Similar to Lil Baby’s other full-length albums, It’s Only Me shouldn’t be compared. An “album” in name, but one for the DSP era: an overlong collection of songs engineered to amass streams and with enough depth to be sliced up into TikTok fragments. On a DSP, you can skip to “In A Minute” or “Heyy.” You can press play and get lost in the unique music, but if you expect it to succeed like great “albums” of the past and present, your excitement will fade. Like My Turn, It’s Only Me doesn’t show Lil Baby’s intentionality in crafting a fantastic album.

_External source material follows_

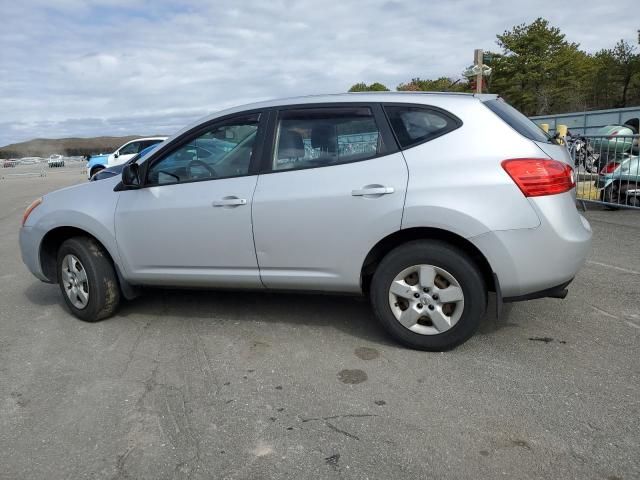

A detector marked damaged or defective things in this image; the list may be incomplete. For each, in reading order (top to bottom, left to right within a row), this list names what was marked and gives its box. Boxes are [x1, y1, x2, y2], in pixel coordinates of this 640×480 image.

cracked asphalt [0, 169, 636, 480]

He’s shown again that he can put together a solid compilation of songs since he’s so great.

Even while most of us still conceive of the “album” as outmoded, It’s Only Me represents the peak of an evolving genre. Lil Baby’s music sounds the way it does because of streaming technology, not artistic innovation. Although DSP albums do not change art as a response to technology like movies or hip-hop, the situation is similar. These albums openly change music distribution and consumption. Migos’ Culture II or Moneybagg Yo’s A Gangster’s Pain are examples of “the discovery” of a new art: extended streaming service content with filler. It’s Only Me (or My Turn (Deluxe Edition)) is “the perfection” of it.

Terminology disputes are meaningless. Who cares if It’s Only Me is an album, mixtape, or playlist? All and none. A body of work. It’s sold as a “album,” a heavy historical term that conjures specific aspirations. Lil Baby’s style doesn’t fit that form. Our contemporary technological reality suggests the “album” as we know it should disappear and be replaced by a new artform. One of the best rappers alive excels at this artform.